As the Chinese government has worked to raise its profile in the Middle East, it has sometimes struggled to promote Chinese culture in the region. Despite its emphasis on cultural engagement since then-President Hu Jintao called for China to increase its global soft power in 2007, Beijing has found it difficult even to eclipse its Asian rivals. A young Arab man or woman might buy Chinese-made goods or even study abroad at a Chinese university, but he or she would be more likely to watch a Japanese film or listen to a Korean pop song than to consume China’s cultural output.
So it was surprising to see that businesses, municipalities and ordinary people across the Middle East celebrated the Chinese New Year holiday late last month on an unprecedented scale. In Cairo, revelers filled al-Azhar Park, the city’s largest public green space, which was adorned with giant inflatable roosters to commemorate the new year of the Chinese zodiac. Guests watched acrobatic and martial arts performances, learned Chinese calligraphy and paper-cutting, flew kites, painted Chinese opera masks, sampled different varieties of Chinese tea, and ate snacks from local Chinese restaurants. Gazing out from the main stage toward a row of Egyptian dignitaries sporting matching red silk scarves, the Chinese ambassador, Song Aiguo, told the crowd he felt like he was back in China.

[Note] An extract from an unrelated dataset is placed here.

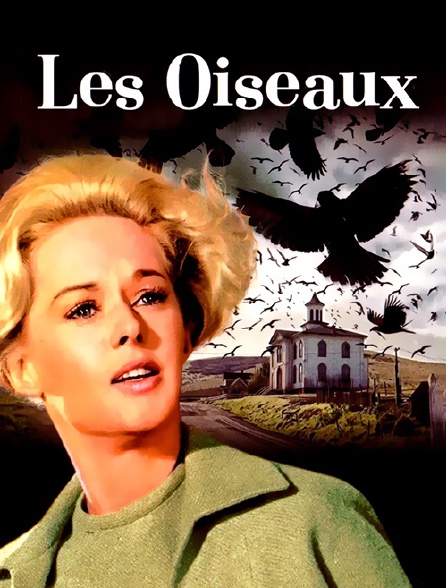 Les Oiseaux Hitchcock Streaming Vostfr Les oiseaux en Streaming - Molotov.tv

Emiratis hoping to ring in the Year of the Rooster had several options. Abu Dhabi’s Ferrari World theme park staged a weeklong extravaganza featuring performances by a troupe of Chinese acrobats and a bamboo garden decorated with life-size models of pandas. Nearby, the Yas Mall decorated its main square in red lanterns and organized calligraphy lessons for its shoppers. In Dubai, guests at the Motiongate theme park were greeted by a Chinese Buddha, while visitors to Legoland were encouraged to join a project to construct 4,715 roosters out of Legos. Not to be outdone, the Dubai International Airport staged a traditional dragon dance in the middle of Concourse D.